### Assigned task
In the records below, begin at the line containing "西班牙风情平层公寓丨乌克兰丨SVOYA Studio-0" and end at the line containing "Detalii despre accidentul"; quote every line in that span exactly, including both boundary lines, and no others.

--- Excerpted records Enclosed Below ---

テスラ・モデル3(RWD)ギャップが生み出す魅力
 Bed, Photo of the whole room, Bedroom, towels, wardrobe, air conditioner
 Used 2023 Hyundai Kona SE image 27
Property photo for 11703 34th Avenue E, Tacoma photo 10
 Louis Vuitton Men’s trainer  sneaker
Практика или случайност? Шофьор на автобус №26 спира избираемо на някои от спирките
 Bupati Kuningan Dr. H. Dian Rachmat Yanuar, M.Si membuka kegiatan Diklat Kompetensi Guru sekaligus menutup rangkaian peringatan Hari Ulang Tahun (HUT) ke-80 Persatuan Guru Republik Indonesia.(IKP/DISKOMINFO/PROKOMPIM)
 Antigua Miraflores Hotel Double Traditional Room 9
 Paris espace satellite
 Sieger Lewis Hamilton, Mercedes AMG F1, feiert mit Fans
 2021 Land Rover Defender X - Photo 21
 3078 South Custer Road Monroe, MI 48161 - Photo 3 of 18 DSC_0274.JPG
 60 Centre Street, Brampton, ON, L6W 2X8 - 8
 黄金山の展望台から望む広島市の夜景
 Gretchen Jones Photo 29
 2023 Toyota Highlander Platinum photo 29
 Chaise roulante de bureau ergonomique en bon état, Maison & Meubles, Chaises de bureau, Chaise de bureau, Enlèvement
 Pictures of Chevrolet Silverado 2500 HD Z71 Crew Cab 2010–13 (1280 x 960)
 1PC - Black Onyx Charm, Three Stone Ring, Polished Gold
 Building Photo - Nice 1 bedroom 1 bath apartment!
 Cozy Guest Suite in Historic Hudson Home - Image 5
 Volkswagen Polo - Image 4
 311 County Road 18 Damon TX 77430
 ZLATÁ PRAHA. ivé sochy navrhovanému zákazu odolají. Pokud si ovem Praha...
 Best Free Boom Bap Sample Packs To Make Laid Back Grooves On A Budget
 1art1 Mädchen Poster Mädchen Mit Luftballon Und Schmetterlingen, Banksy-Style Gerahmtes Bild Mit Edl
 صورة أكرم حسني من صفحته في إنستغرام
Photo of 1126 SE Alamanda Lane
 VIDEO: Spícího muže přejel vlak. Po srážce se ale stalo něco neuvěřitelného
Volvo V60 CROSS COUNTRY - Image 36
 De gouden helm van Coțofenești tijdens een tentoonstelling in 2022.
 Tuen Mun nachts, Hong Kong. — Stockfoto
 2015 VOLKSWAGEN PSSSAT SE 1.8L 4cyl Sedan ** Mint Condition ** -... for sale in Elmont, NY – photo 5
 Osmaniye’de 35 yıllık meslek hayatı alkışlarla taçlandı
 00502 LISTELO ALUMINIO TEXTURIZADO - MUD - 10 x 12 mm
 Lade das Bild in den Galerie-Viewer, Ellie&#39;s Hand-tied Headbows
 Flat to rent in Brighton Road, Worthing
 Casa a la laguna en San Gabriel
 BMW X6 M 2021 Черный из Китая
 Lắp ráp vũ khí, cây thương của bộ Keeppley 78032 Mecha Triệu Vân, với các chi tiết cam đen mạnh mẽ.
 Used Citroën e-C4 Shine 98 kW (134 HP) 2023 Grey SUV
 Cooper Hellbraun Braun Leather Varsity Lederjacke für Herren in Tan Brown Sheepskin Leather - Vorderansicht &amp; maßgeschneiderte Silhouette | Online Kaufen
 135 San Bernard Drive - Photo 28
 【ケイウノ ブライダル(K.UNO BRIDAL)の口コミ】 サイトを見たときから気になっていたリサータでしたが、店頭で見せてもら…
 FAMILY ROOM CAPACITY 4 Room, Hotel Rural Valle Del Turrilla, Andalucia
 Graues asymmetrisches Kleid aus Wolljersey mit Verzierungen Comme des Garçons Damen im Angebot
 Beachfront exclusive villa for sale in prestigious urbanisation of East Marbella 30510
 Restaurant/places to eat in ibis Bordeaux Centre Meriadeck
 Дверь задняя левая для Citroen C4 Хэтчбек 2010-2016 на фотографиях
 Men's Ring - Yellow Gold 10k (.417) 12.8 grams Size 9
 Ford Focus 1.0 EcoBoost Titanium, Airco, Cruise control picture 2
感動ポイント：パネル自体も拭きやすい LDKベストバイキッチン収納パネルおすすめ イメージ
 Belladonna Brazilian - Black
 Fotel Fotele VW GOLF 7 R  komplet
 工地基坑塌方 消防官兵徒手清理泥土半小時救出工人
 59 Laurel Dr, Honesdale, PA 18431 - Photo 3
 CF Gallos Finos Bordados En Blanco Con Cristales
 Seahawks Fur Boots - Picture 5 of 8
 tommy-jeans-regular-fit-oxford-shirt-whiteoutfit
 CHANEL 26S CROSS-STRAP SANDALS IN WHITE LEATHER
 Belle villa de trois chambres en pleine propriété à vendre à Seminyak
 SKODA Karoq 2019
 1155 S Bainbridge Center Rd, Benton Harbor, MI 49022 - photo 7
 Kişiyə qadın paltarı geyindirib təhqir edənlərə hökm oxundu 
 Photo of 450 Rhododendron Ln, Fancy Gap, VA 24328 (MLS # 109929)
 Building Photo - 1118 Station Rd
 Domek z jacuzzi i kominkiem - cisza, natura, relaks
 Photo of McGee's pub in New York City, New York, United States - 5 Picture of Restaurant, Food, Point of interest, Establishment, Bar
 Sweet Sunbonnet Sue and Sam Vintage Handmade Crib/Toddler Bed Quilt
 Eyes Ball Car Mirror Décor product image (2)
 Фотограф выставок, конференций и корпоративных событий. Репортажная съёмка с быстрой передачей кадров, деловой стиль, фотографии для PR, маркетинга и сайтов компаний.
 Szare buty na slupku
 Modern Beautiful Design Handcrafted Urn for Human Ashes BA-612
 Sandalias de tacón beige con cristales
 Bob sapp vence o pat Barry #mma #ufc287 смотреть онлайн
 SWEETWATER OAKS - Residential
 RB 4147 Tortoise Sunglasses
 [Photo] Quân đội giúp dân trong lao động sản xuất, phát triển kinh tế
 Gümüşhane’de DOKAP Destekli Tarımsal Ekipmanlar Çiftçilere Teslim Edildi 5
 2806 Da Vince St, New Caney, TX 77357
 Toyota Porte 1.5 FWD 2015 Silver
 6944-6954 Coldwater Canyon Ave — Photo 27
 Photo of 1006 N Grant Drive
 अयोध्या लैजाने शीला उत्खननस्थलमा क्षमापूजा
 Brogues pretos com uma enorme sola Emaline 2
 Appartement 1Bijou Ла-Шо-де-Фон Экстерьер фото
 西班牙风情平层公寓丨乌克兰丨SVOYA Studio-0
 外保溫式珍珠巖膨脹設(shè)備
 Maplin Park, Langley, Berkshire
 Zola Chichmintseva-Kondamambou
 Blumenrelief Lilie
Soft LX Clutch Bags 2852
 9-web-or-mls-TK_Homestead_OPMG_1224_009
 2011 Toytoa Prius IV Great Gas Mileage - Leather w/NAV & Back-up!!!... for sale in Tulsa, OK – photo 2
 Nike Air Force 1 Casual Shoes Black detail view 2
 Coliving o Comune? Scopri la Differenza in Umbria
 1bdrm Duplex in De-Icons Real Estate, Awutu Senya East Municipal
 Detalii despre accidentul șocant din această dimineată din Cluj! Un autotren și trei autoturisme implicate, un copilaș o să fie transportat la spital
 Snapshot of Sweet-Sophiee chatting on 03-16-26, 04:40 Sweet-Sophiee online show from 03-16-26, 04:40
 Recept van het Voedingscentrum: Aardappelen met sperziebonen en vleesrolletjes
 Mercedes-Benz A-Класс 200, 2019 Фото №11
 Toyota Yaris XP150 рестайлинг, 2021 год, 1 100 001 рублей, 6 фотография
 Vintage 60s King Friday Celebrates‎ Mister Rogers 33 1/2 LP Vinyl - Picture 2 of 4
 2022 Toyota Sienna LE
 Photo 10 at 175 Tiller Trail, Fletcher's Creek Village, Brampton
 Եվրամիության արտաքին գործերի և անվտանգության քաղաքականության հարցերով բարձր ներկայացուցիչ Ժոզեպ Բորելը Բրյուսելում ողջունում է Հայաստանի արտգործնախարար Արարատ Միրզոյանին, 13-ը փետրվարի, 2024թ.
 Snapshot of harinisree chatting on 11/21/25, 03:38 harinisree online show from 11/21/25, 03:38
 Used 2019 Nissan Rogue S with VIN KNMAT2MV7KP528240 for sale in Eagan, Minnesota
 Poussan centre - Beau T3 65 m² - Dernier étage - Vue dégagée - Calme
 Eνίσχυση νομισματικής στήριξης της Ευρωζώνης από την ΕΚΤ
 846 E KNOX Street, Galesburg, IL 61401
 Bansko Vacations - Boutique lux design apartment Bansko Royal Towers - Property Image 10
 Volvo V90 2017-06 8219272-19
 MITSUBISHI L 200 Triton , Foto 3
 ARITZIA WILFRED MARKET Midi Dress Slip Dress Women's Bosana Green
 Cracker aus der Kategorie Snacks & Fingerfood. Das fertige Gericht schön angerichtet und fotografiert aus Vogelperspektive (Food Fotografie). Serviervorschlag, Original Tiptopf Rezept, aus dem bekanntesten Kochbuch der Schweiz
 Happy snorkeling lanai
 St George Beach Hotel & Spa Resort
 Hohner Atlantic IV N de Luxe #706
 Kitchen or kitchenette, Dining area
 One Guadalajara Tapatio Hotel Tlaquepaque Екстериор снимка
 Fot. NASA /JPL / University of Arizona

--- End of Enclosed Excerpted records ---

### Exercise output
 西班牙风情平层公寓丨乌克兰丨SVOYA Studio-0
 外保溫式珍珠巖膨脹設(shè)備
 Maplin Park, Langley, Berkshire
 Zola Chichmintseva-Kondamambou
 Blumenrelief Lilie
Soft LX Clutch Bags 2852
 9-web-or-mls-TK_Homestead_OPMG_1224_009
 2011 Toytoa Prius IV Great Gas Mileage - Leather w/NAV & Back-up!!!... for sale in Tulsa, OK – photo 2
 Nike Air Force 1 Casual Shoes Black detail view 2
 Coliving o Comune? Scopri la Differenza in Umbria
 1bdrm Duplex in De-Icons Real Estate, Awutu Senya East Municipal
 Detalii despre accidentul șocant din această dimineată din Cluj! Un autotren și trei autoturisme implicate, un copilaș o să fie transportat la spital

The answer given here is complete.